** Recorded information **
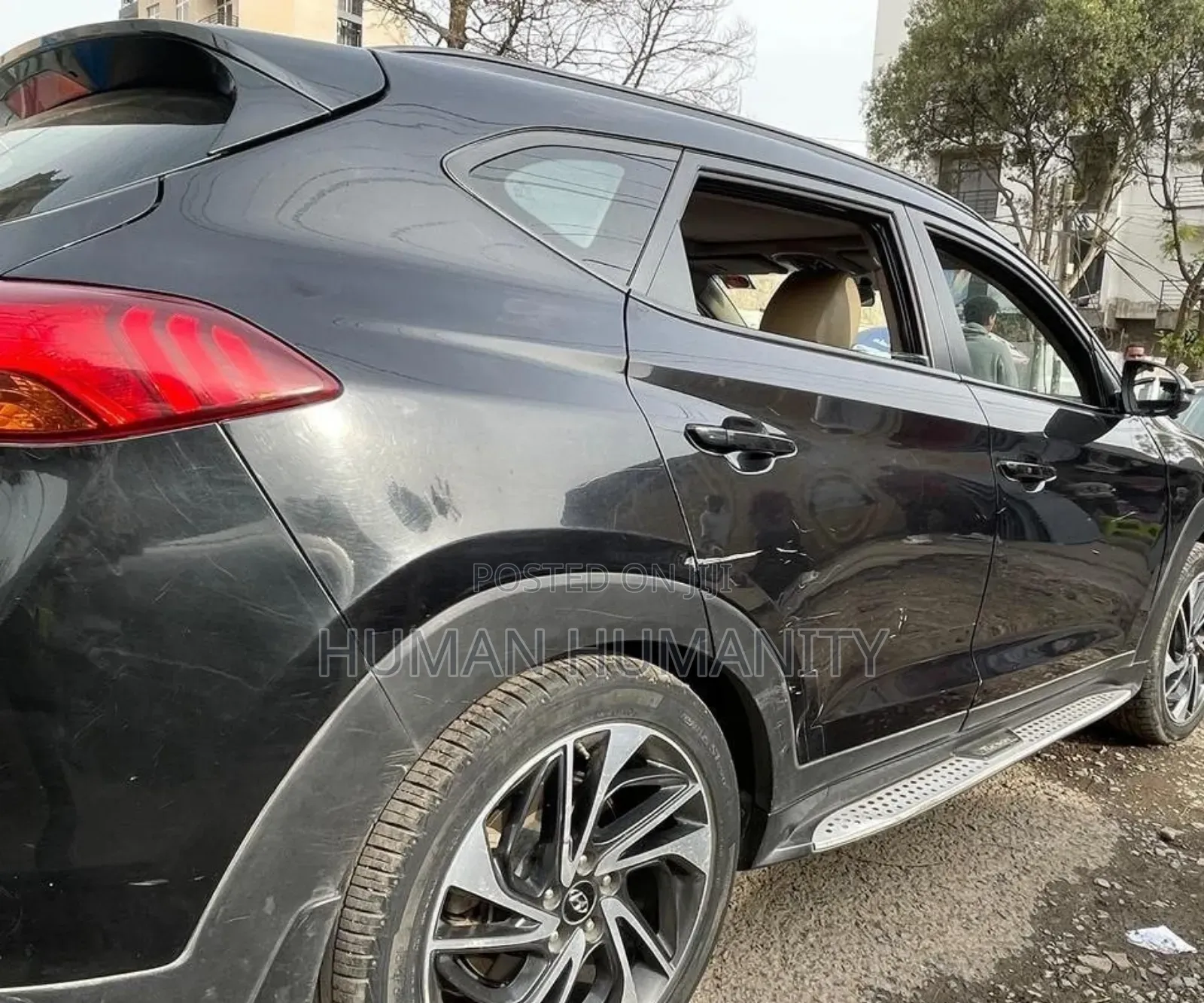 Hyundai Tucson 2019 Black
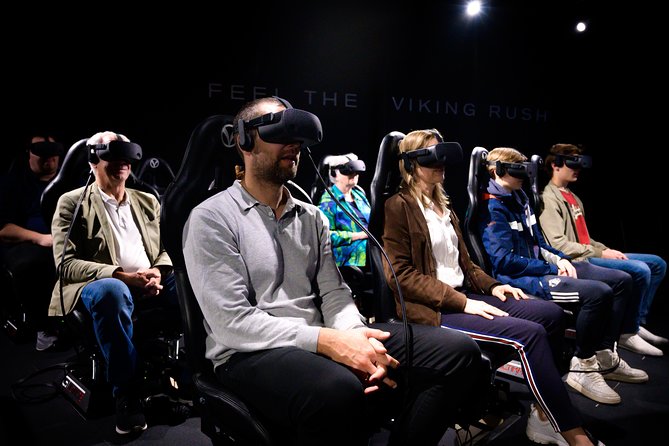 The Viking Planet Museum Ticket - Holograms and the simulated longship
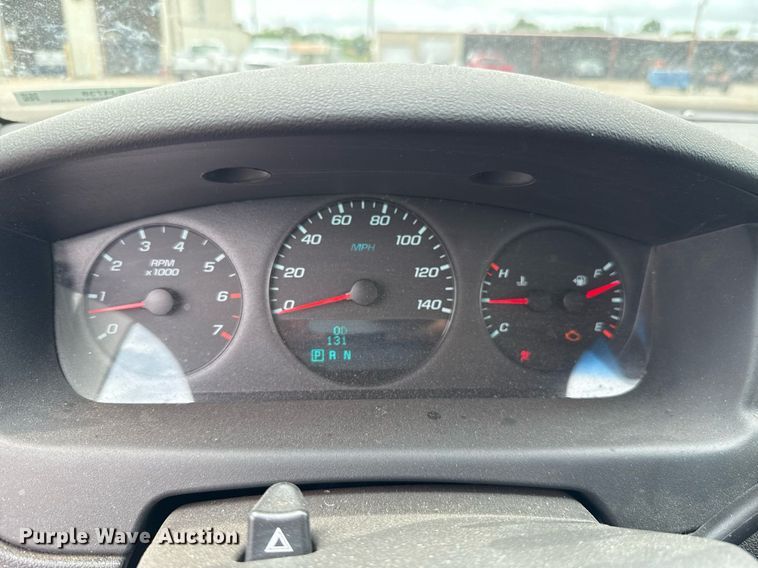 image for item EJ4738 2011 Chevrolet Impala Police Cruiser 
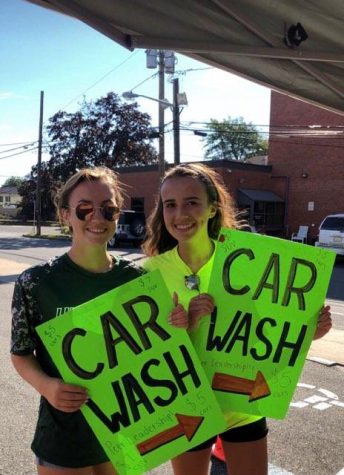 Peer Leadership Car Wash is a Success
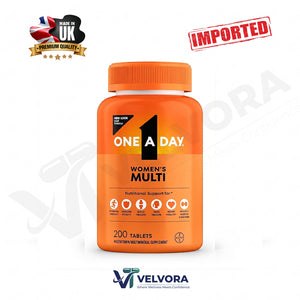 One A Day Multivitamins for Women 200 Tablets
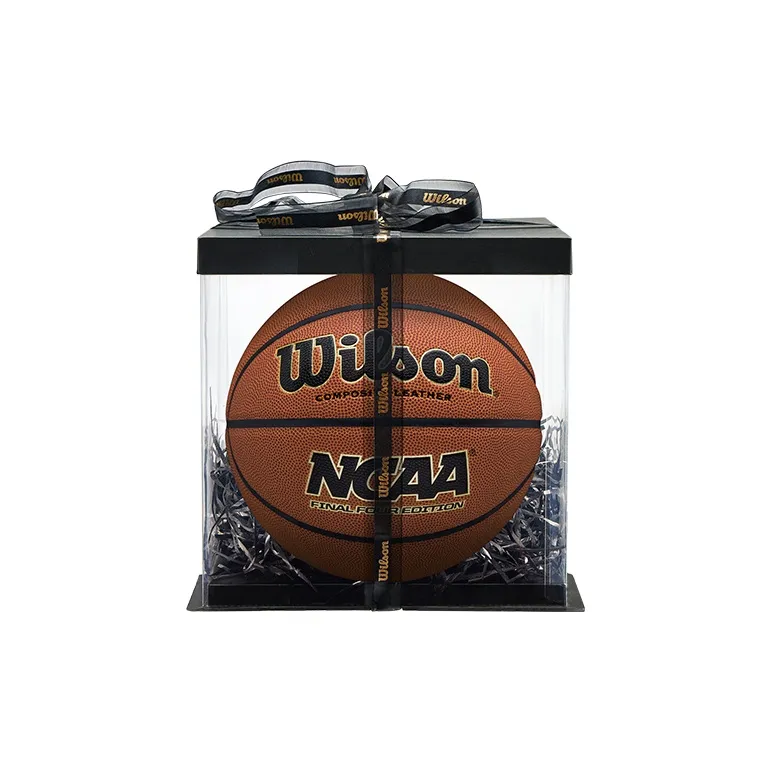 Wilson NCAA Collection WTB1233IB07CN PU Basketball Brown Size 7 Training Match Unisex-10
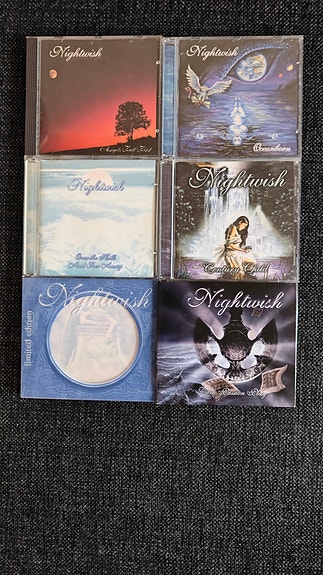 Nightwish CD:t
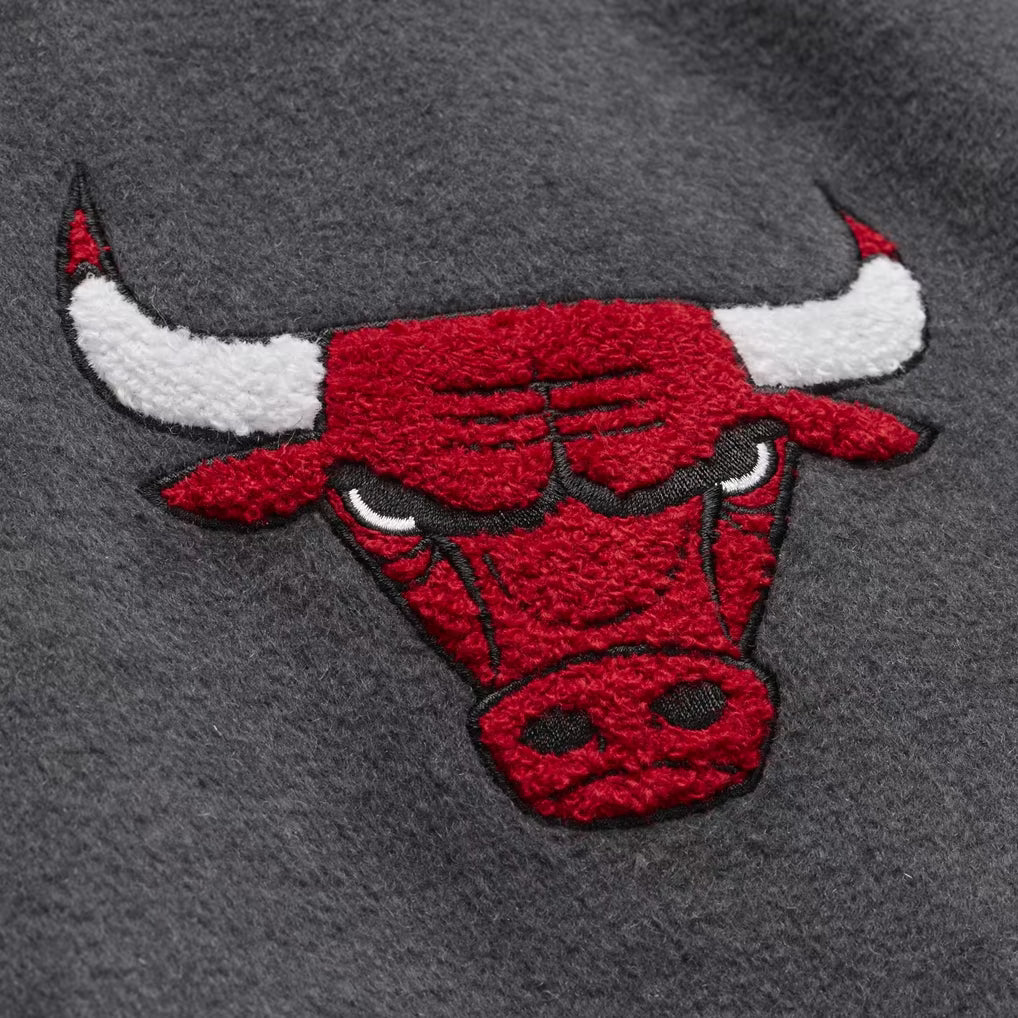 M&amp;N NBA Chicago Bulls 1996 Legacy Made Varsity Jacket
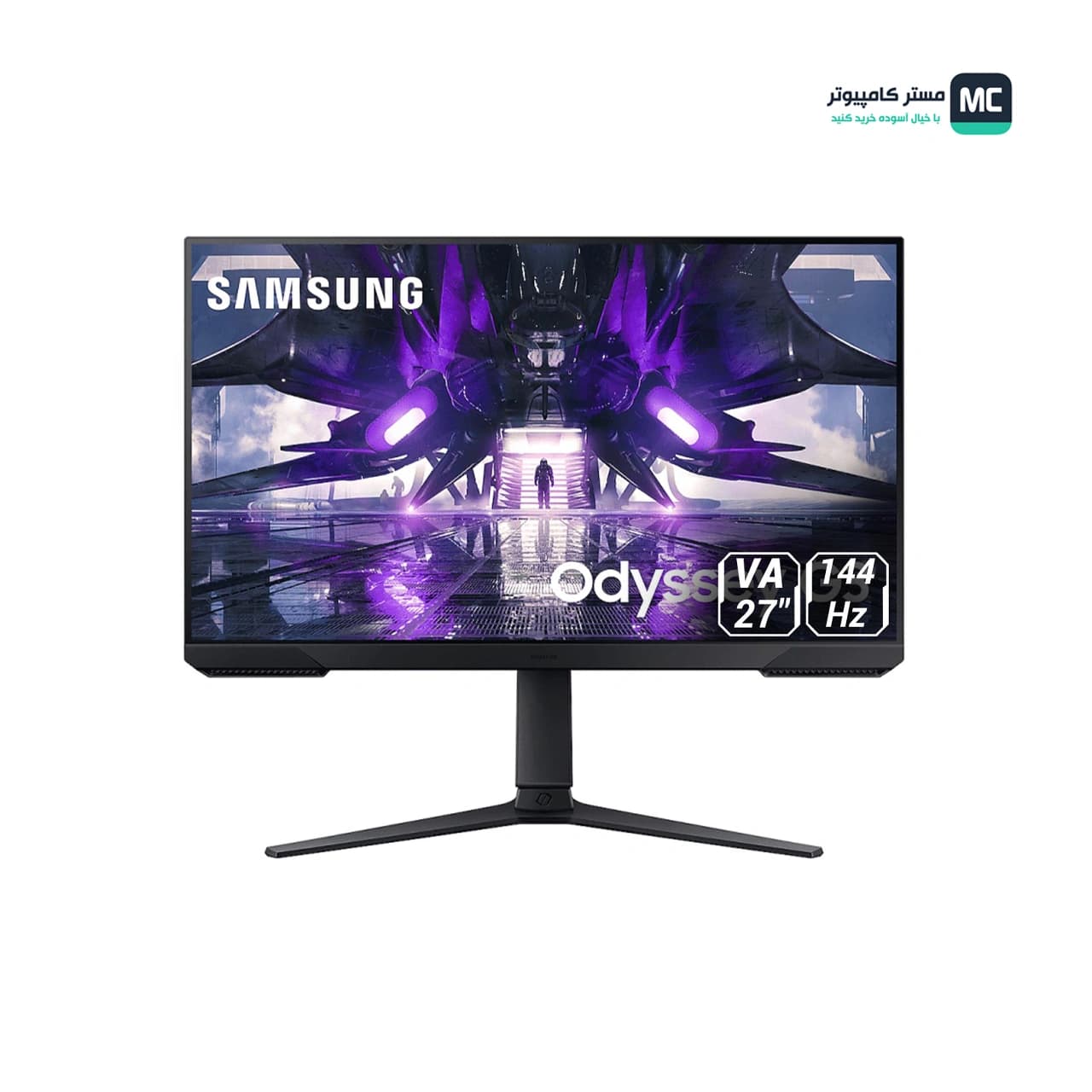 مانیتور 27 اینچ سامسونگ Odyssey G3 LS27AG300NMXUE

** Problem requirements **
Apart from the pictures, every line of the data above should be given again exactly.

** Answer space **
 Hyundai Tucson 2019 Black
 The Viking Planet Museum Ticket - Holograms and the simulated longship
 image for item EJ4738 2011 Chevrolet Impala Police Cruiser 
 Peer Leadership Car Wash is a Success
 One A Day Multivitamins for Women 200 Tablets
 Wilson NCAA Collection WTB1233IB07CN PU Basketball Brown Size 7 Training Match Unisex-10
 Nightwish CD:t
 M&amp;N NBA Chicago Bulls 1996 Legacy Made Varsity Jacket
 مانیتور 27 اینچ سامسونگ Odyssey G3 LS27AG300NMXUE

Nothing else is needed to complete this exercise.